YoCausal asks whether video diffusion models (VDMs) truly understand causality or merely overfit to statistical temporal patterns. The authors present a two-level benchmark inspired by cognitive science's Violation of Expectation (VoE) paradigm. By temporally reversing real-world videos at zero cost as counterfactual samples, YoCausal establishes an arbitrarily extensible evaluation protocol. Level 1 uses Reverse Surprise Index (RSI) to quantify arrow-of-time perception via denoising loss; Level 2 uses Causality Cognition Index (CCI) leveraging a VLM to distinguish causal from non-causal subsets. Evaluation of 13 state-of-the-art VDMs reveals a significant gap relative to human-level causal reasoning.

Key Contributions

- YoCausal benchmark: Two-level evaluation protocol using real-world video reversal as natural counterfactuals

Reverse Surprise Index (RSI): Quantifies arrow-of-time perception via denoising loss differences between forward and reversed videos

Causality Cognition Index (CCI): Uses VLM to stratify datasets into causal and non-causal subsets, disentangling causal reasoning from temporal bias

Finding: Perceiving arrow of time does not imply understanding causality

Method Details

- Level 1 (RSI): Computes denoising loss difference between original and temporally reversed videos. High RSI indicates the model can distinguish forward from reversed time flow.

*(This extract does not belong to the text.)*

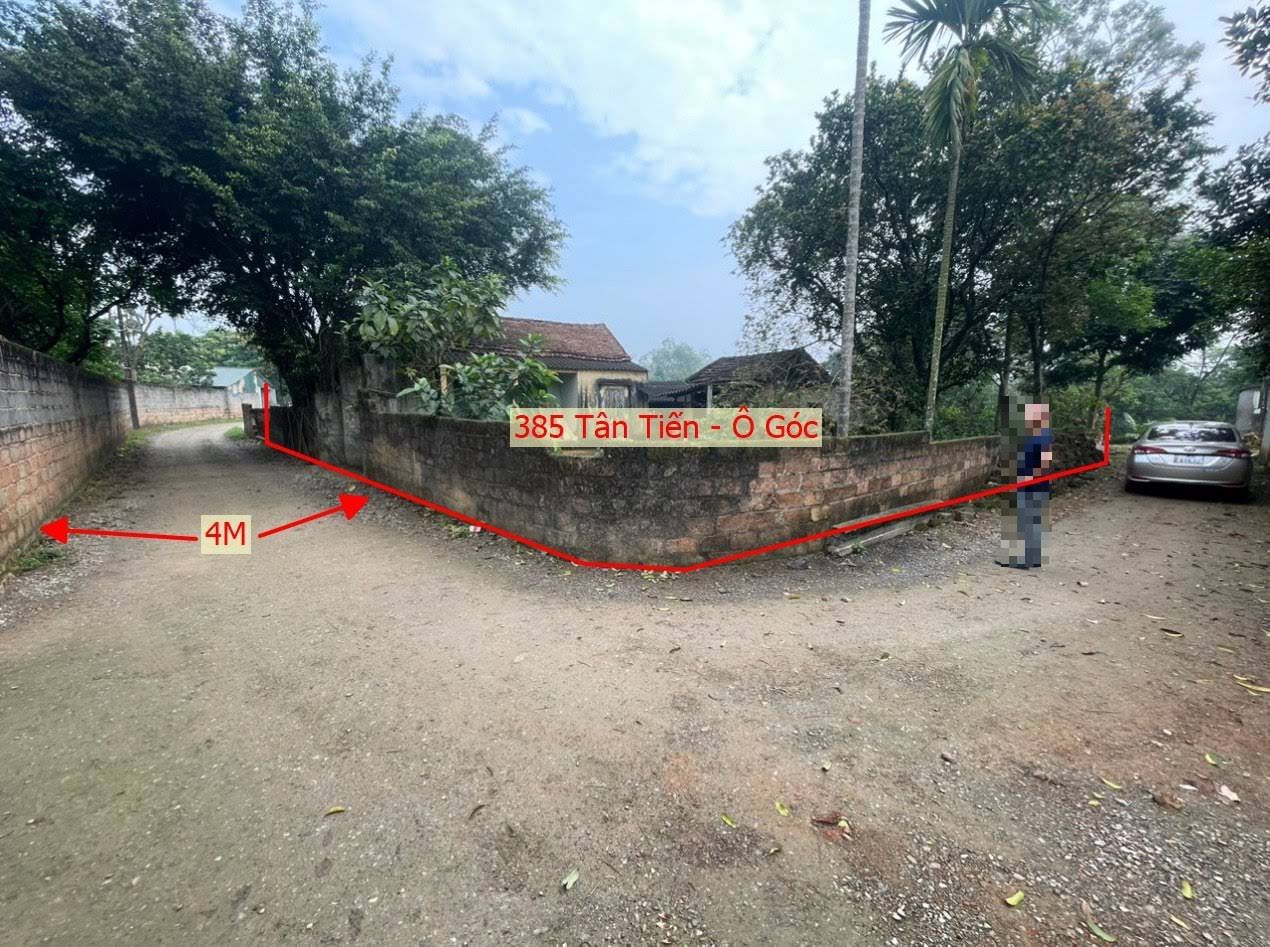 Hình ảnh Bán Lô Góc 2 Mặt Tiền Ô Tô Vào Tận Đất Tại Tân Tiến Giá Nhỉnh Tỷ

Level 2 (CCI): Uses a VLM judge to classify video pairs as causal vs. non-causal, then measures how well VDMs assign higher likelihood to causal sequences.

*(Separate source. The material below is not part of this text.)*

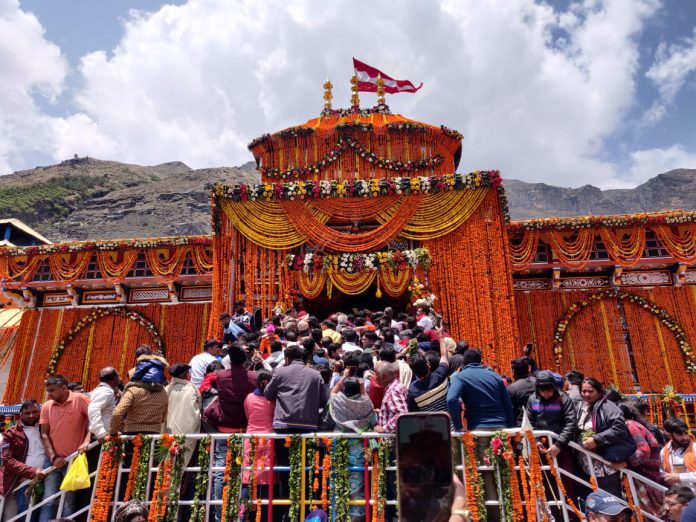 Shri Badrinath Dham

Data: Real-world videos temporally reversed to create zero-cost counterfactual samples, avoiding sim-to-real gap of synthetic benchmarks.

Models evaluated: 13 state-of-the-art VDMs

Key Results

- 35% of correct answers from mid-tier models are backed by physically invalid traces (from related work on VLM auditing)

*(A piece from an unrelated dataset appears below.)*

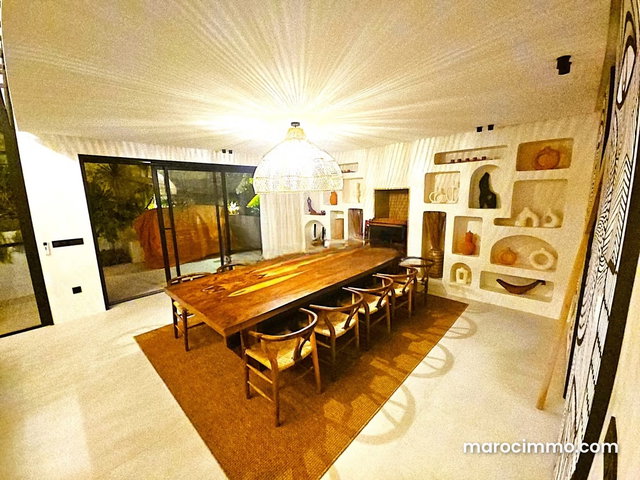 Magnifique Villa Ultra Moderne Meublée et Equipée — 2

Perceiving arrow of time does not imply understanding causality

Significant gap persists relative to human-level causal cognition

13 VDMs evaluated including SOTA models

Limitations and Future Work

- CCI relies on VLM judge quality (could have its own biases)

Current benchmark focuses on physical causality; could be extended to other causality types

The gap between VDMs and human causal reasoning remains substantial

Relevance to Patrick's Research

YoCausal directly addresses a fundamental question for world models: whether video generation models that claim to be "world models" truly understand causal structure of the physical world, or just statistical patterns. The finding that even correctly predicting arrow-of-time doesn't imply causal understanding is important for evaluating whether current video generation models deserve the "world model" label. The benchmark design using counterfactual video reversal is methodologically innovative.